Exercise objective:
Could you copy exactly the lines from the one containing "kids playing football on a field" through the last line of the records below, and nothing else?

========================================================================

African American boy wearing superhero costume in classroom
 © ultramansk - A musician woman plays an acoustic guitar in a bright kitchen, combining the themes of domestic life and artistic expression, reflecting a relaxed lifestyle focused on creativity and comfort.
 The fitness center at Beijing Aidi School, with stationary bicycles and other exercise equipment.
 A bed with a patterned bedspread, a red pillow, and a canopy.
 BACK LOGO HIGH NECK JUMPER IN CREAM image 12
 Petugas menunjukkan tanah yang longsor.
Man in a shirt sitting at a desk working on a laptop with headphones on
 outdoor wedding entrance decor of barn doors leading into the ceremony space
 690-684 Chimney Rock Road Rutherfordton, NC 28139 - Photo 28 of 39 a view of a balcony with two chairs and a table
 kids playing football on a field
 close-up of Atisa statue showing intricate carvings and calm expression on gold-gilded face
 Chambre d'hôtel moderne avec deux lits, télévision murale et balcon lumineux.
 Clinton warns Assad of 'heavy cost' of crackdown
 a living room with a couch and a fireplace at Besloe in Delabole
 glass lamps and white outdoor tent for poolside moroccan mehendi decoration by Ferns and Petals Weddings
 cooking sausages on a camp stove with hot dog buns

========================================================================

Solution for this task:
 kids playing football on a field
 close-up of Atisa statue showing intricate carvings and calm expression on gold-gilded face
 Chambre d'hôtel moderne avec deux lits, télévision murale et balcon lumineux.
 Clinton warns Assad of 'heavy cost' of crackdown
 a living room with a couch and a fireplace at Besloe in Delabole
 glass lamps and white outdoor tent for poolside moroccan mehendi decoration by Ferns and Petals Weddings
 cooking sausages on a camp stove with hot dog buns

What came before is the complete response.